The Guernsey Financial Services Commission's Registered Collective Investment Scheme Rules 2015 (the 2015 Rules) came into force on 1 April 2015, updating and replacing the Registered Collective Investment Scheme Rules 2008.
Under the 2015 Rules, registered collective investment schemes may be offered directly to the public in Guernsey for the first time.
Collective investment schemes, which are regulated under the Protection of Investors (Bailiwick of Guernsey) Law, 1987 (the POI Law), can either be "authorised" or "registered" by the Guernsey Financial Services Commission (the GFSC). It is normally possible to establish a registered fund within a shorter overall timetable than an authorised fund (which can be helpful if time is an issue). The GFSC does not carry out its own due diligence on the fund promoter or fully review the fund documentation for a registered fund. Instead, the GFSC relies upon representations and warranties in that connection given to it by the Guernsey licensed administrator for the proposed fund, who is responsible for making the fund application.

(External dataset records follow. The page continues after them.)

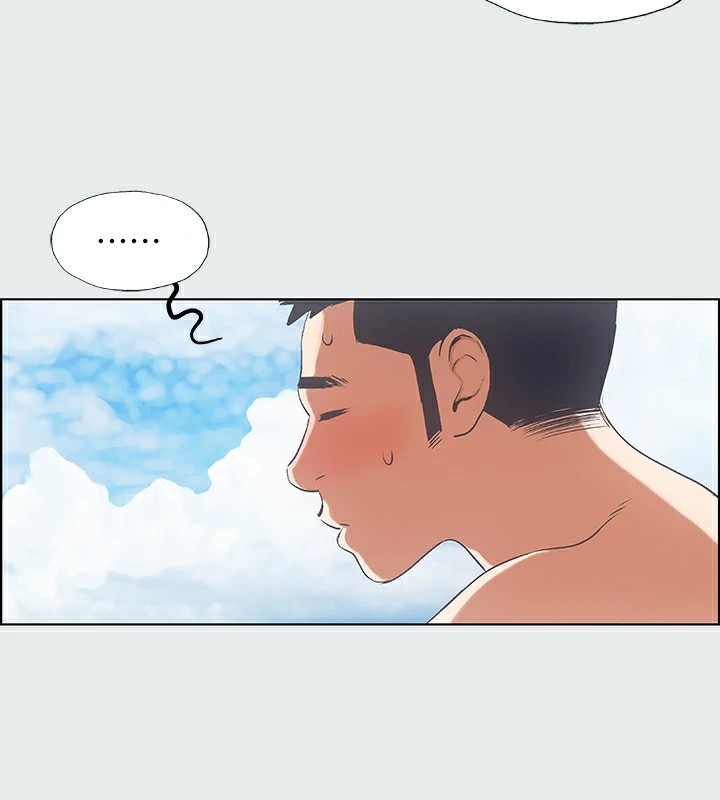 纵夏夜之梦(无码版)第7话-美爱真正的意图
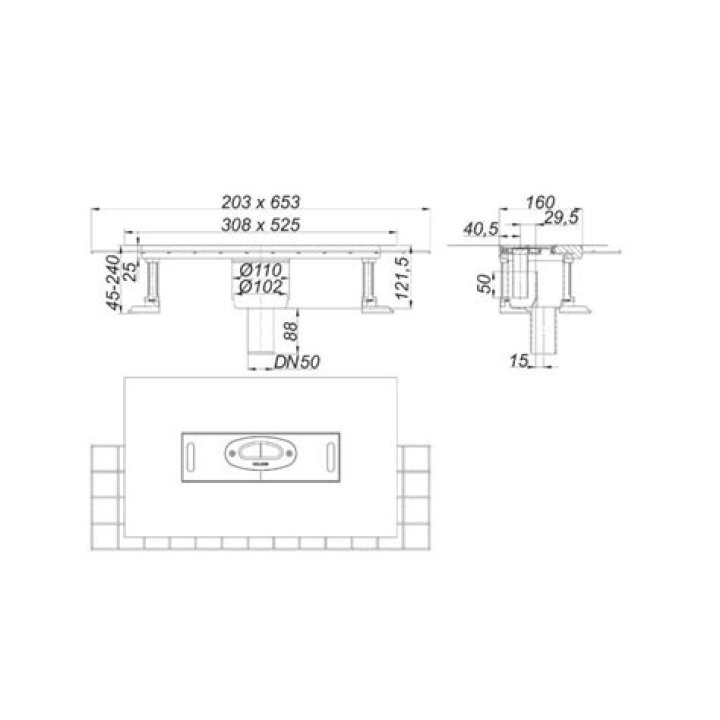 Pokemon Scarlet and Violet The Indigo Disk: How to find & catch Articuno? - SarkariResult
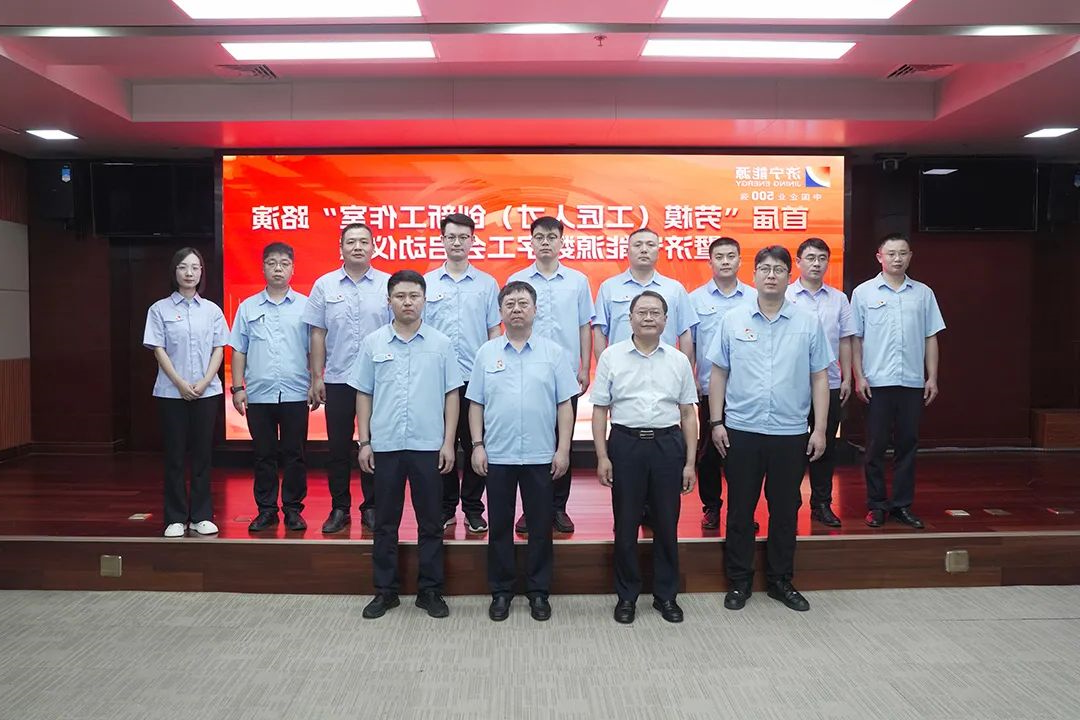 1721196587186327.jpg 0002.jpg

This lighter regulatory approach, described by the GFSC as a "sea change", was first set out in the Registered Collective Investment Rules 2008 (the 2008 Rules). However, in view of the untried nature of the new approach, the 2008 Rules did not at first permit registered collective investment schemes to be offered directly to the public in Guernsey.
The GFSC undertook to monitor the quality of the due diligence reviews carried out by licensees in respect of their applications for new registered collective investment funds. Six years after the 2008 Rules were introduced, it has concluded that the standard of licensees' due diligence is good overall. As a result, the GFSC is now prepared to lift the restriction on offering registered collective investment schemes directly to the public in Guernsey.

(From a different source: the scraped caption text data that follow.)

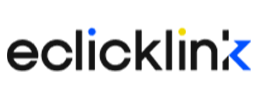 Eclicklink
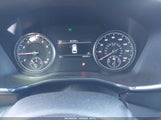 Hyundai Santa Fe Sel 5NMS24AJ0PH549788 снимка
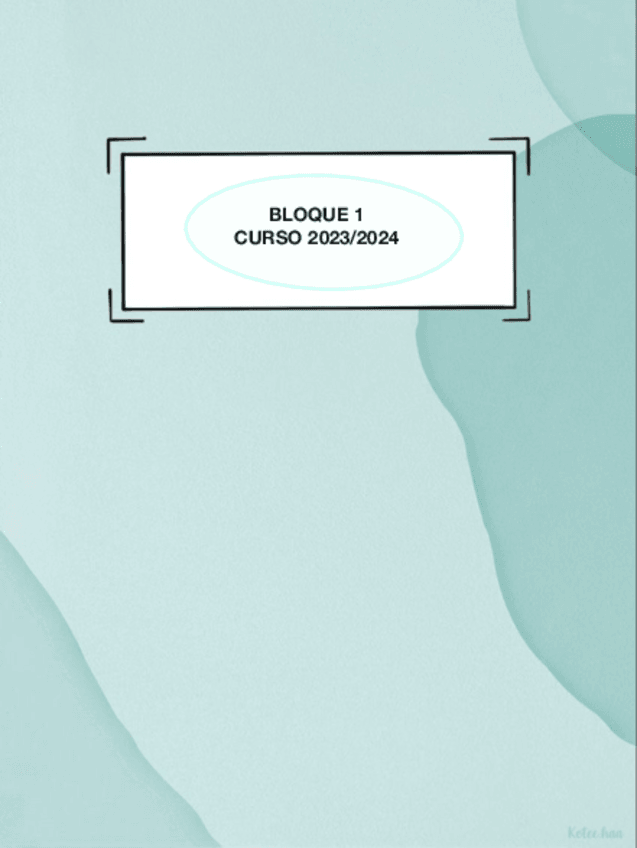 Miniatura del documento BLOQUE-I.pdf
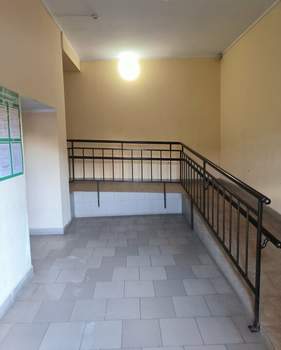 2-к квартира, на длительный срок, 62м2, 6/12 этаж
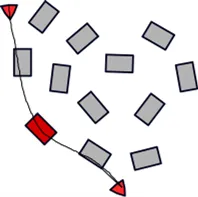Afbeelding11.png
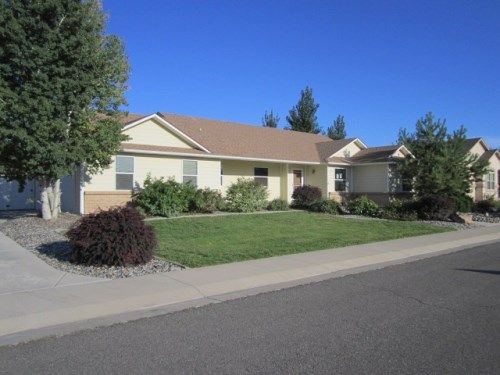 228 Katie Lane, Grand Junction, CO 81503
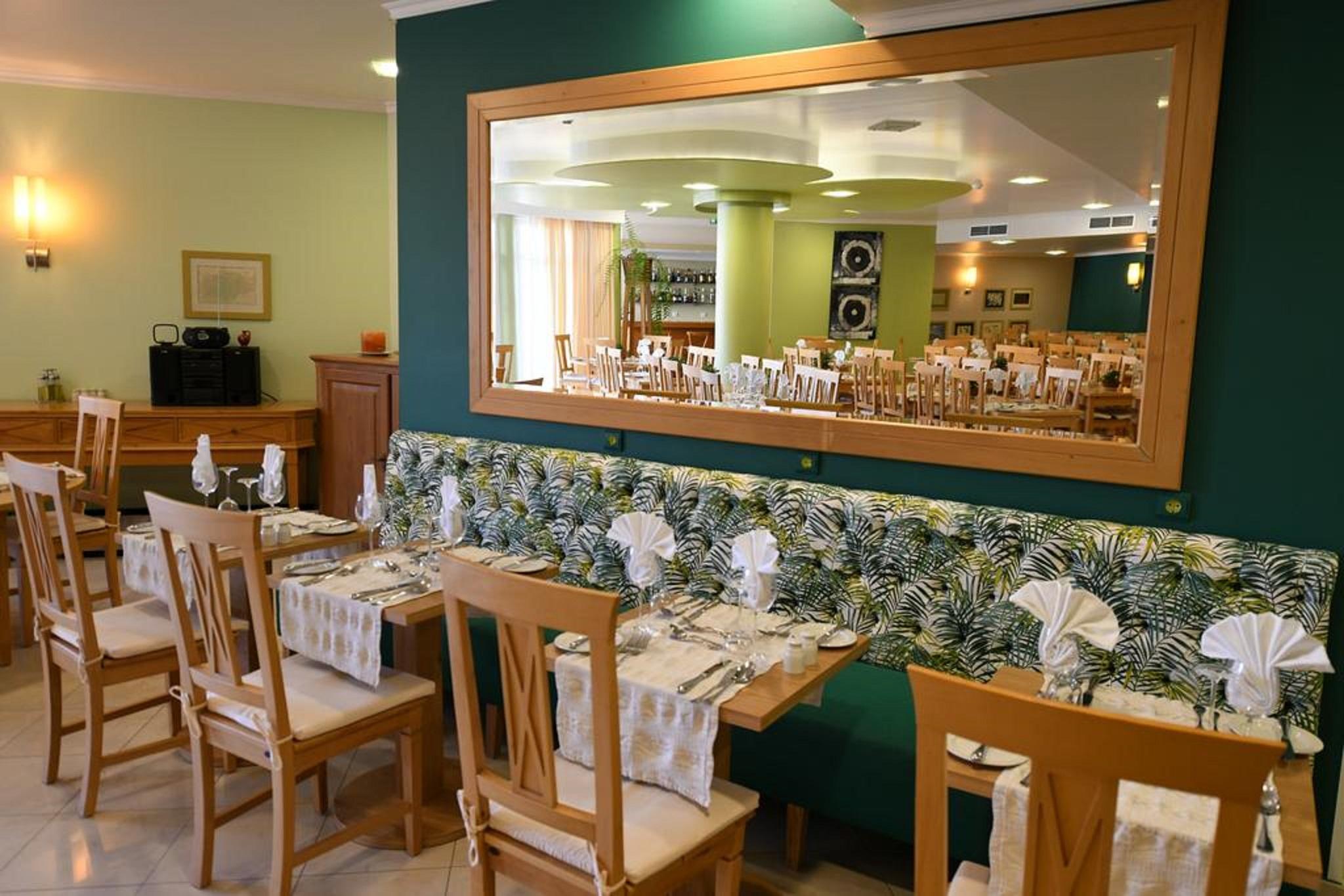 Hotel Do Campo Рибейра-Брава Экстерьер фото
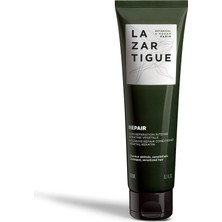 Die Grup Lazartigue Repair Onarıcı Vegan Saç Kremi 150 ml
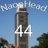  - @naonhead44 Tiktok Profile Photo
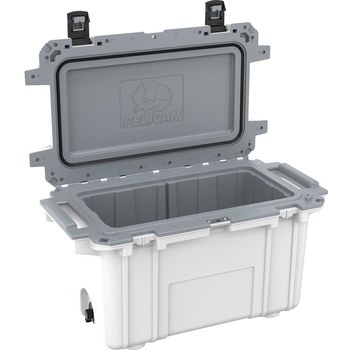 Pelican Personal Cooler 82549406749, Size 70 qt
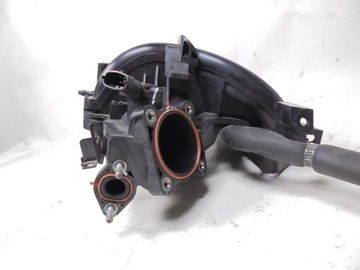 фото thumb №7, Колектор всмоктуючий kia niro 1.6 gdi гібрид g4le 17r. 28300-03ha0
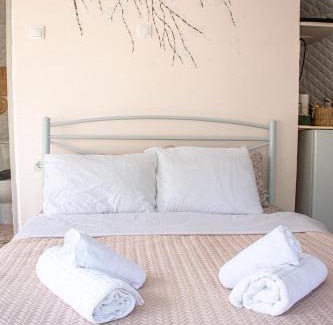 Troizinia Other | Lemon Tree Dome House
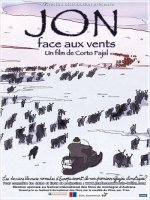Jon face aux vents - la critique + le test DVD
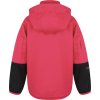 SONNY K PINK 02 w1600 h1600 5c3bb8c03da3b4aaeae47c005da009c9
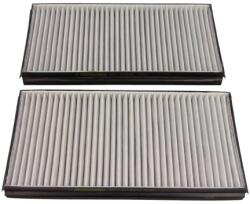 MAXGEAR Filtru, Aer Habitaclu 26-0842 Alpina B5/B6 Bmw 5/6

The 2015 Rules are welcomed. Whilst a registered fund may be used for a premium listing on the London Stock Exchange, there was some uncertainty whether other exchanges would agree to list only authorised funds as a result of the public offer restriction in Guernsey. U.S. banking entities were also likely to be prohibited under the Volcker Rule from sponsoring, investing in or having certain relationships with an investment fund which could not be sold to retail investors in its home jurisdiction.
With the exception of this change, the 2015 Rules make only minor amendments to the 2008 Rules, including a change of terminology from "designated manager" to "designated administrator" (for consistency with the Authorised Collective Investment Schemes (Class B) Rules, 2013) and some typographical corrections. However, the GFSC notes that it is continuing to work with the Guernsey Investment Fund Association on the overall regulatory framework, and therefore we can expect further changes to these rules in future.
As regards existing registered funds established under the 2008 Rules, the GFSC has agreed to the following explanatory statement that may be used:-
"For the avoidance of doubt the Commission confirms that existing registered funds may, notwithstanding the statement in their offering document to the contrary, be offered to the public in Guernsey."